Comedian Bill Engvall ’79 shares his Southwestern memories
Why did you decide to attend Southwestern?
Bill: Southwestern was the only school that I applied to. My dad went there. He was a Sig and had a great time. So, I ended up here as well. There really was no other choice for me.
What are some of your fondest memories of Southwestern?
Bill: We could be here all day! I remember attending the basketball games, and wish that we had football back then. The fraternity intramurals were awesome. Fall and spring were the best seasons in Georgetown. We’d go down to the Booties and Adeline’s in Round Rock. Southwestern has the East Coast feel but located in the middle of Texas. It’s a great, old institution. I always had in my mind whatever the college experience was supposed to be like and Southwestern was it. Professors knew us all by our first names. Oh, and the cinnamon buns, every morning!

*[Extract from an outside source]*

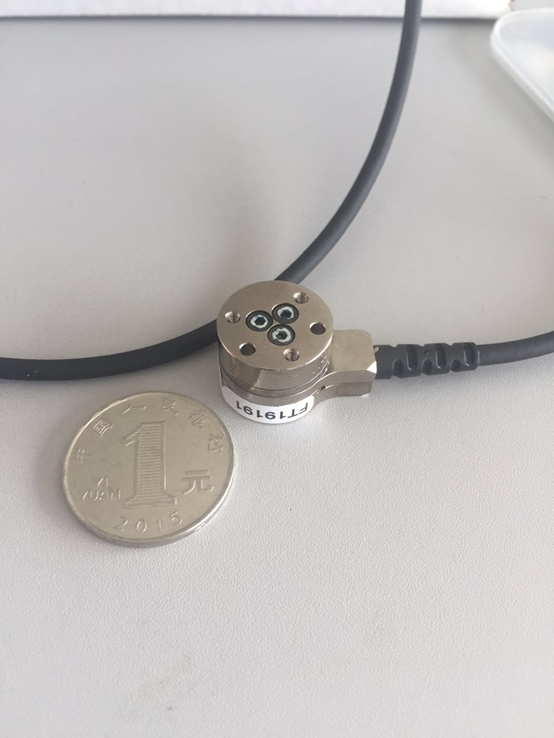 六維力傳感器為醫(yī)療手術(shù)機器人錦上添花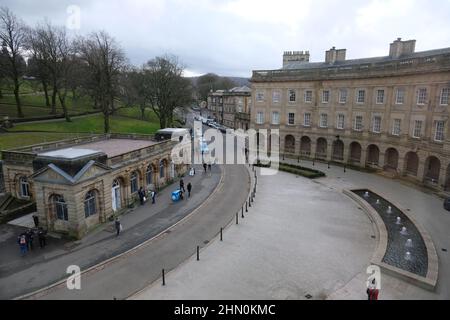 Das Buxton Crescent Ensan Hotel wurde 2020 nach vielen Jahren Restaurierungsarbeiten als Luxushotel und Spa wiedereröffnet. Blick vom Hotelzimmer mit Pumpenraum. Stockfoto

What was your favorite Georgetown hangout?
Bill: The L&M Café. There was an old movie theatre too. We would go to Blue Hole. And of course, there was Walburg, to get a beer.
Your wife Gail (Gail Watson Engvall ’83) also attended Southwestern. How did you first meet?
Bill: It was after winter break and we were having a party at the KA house. I came roller skating over to Gail where she was sitting on the arm of the couch. I told her we should go roller skating. Apparently, she thought I meant right then and gave me a “move along” look. We never dated at SU, but met again a couple years later at a comedy club in Dallas. If I had not met her at SU, we wouldn’t be together today.
Who was your funniest professor?
Bill: I would say Dr. Deeds in anatomy. Tex Kasson always made me laugh too. He was like the granddad of SU. He gave me a job at the pool. I was the lifeguard, but no one ever swam. Tex told me to study instead.
What inspired your interest to give a performance at Homecoming this year?
Bill: A group of my Kappa Alpha Fraternity brothers and I get together once a year. We are lifelong friends and always joked about my giving a show at Southwestern. One of my first shows was in the SUB at a talent show. My early standup was at Southwestern and it was there when I started wanting to do comedy. It’s like coming full circle. I have so many great memories. This will be like putting a bow on the entire experience.
What does Southwestern mean to you today?
Bill: It’s a pot full of memories that I will take with me to my grave. Every time I need a smile, I think back to SU. It’s woven into my soul.